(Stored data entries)
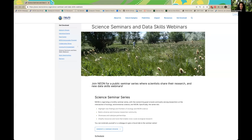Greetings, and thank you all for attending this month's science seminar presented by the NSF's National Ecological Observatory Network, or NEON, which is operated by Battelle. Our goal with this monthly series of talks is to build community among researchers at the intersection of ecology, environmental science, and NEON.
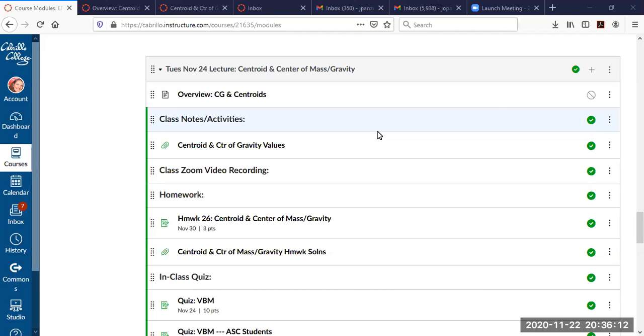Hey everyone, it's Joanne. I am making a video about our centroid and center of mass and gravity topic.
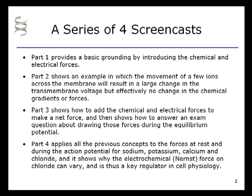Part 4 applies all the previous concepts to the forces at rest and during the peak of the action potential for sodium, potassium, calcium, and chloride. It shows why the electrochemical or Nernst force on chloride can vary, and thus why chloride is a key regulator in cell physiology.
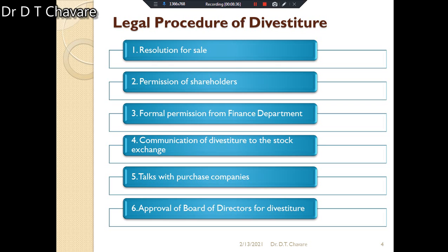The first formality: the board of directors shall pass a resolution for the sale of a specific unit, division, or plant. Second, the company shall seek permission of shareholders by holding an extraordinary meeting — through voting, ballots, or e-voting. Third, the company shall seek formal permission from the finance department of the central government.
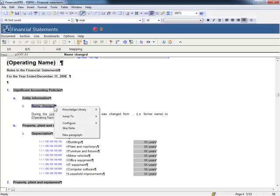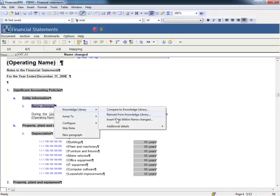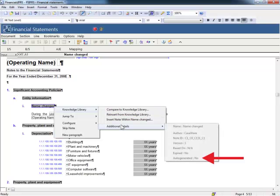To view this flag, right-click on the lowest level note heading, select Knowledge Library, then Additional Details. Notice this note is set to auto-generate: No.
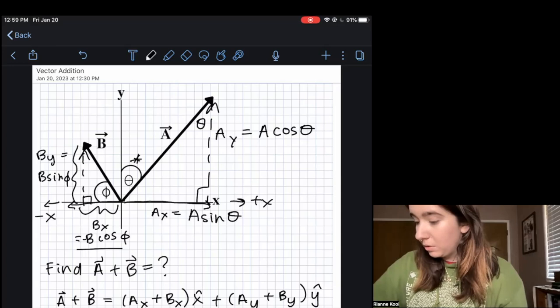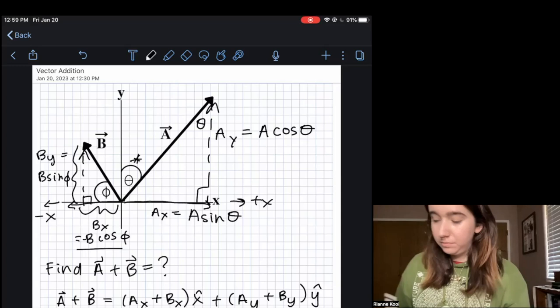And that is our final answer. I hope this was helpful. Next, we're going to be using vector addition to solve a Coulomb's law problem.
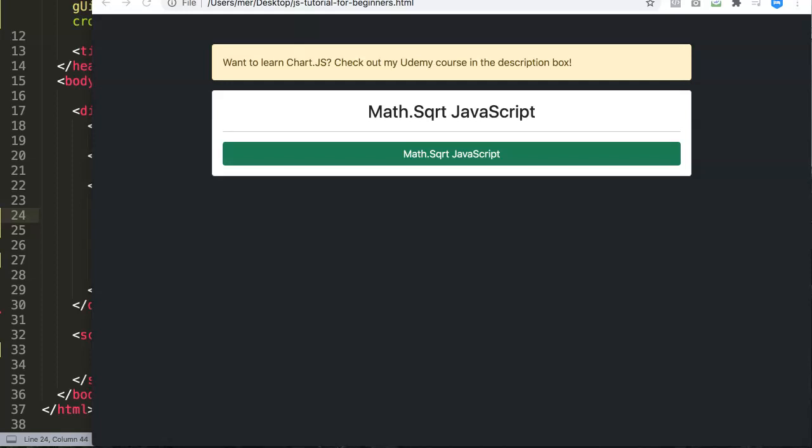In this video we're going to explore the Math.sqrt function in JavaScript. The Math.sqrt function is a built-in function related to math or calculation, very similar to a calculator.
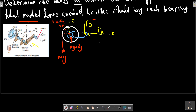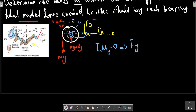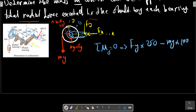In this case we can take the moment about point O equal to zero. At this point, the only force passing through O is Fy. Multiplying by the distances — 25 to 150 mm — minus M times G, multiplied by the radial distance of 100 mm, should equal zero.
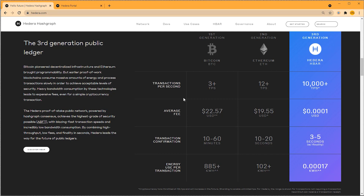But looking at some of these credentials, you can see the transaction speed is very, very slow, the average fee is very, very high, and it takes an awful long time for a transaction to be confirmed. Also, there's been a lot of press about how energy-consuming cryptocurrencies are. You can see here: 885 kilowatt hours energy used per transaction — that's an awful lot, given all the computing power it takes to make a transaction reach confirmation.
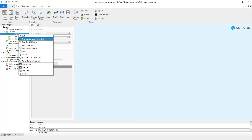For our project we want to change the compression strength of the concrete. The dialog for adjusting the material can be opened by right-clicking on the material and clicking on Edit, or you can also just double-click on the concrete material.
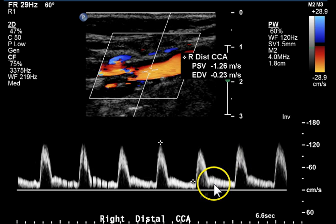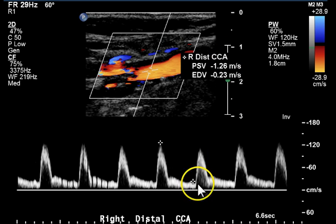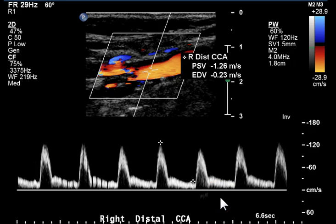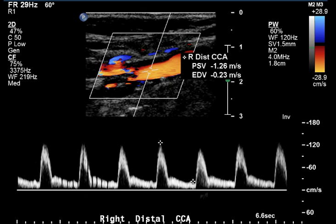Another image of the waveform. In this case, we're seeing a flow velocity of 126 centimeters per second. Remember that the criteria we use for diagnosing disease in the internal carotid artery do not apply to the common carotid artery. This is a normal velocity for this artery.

** WORK ORDER **
Reproduce exactly the lines of the entries above from the first through the line with "Part 4 applies", both included; pictures should not be reproduced.

** RESULT **
Greetings, and thank you all for attending this month's science seminar presented by the NSF's National Ecological Observatory Network, or NEON, which is operated by Battelle. Our goal with this monthly series of talks is to build community among researchers at the intersection of ecology, environmental science, and NEON.
Hey everyone, it's Joanne. I am making a video about our centroid and center of mass and gravity topic.
Part 4 applies all the previous concepts to the forces at rest and during the peak of the action potential for sodium, potassium, calcium, and chloride. It shows why the electrochemical or Nernst force on chloride can vary, and thus why chloride is a key regulator in cell physiology.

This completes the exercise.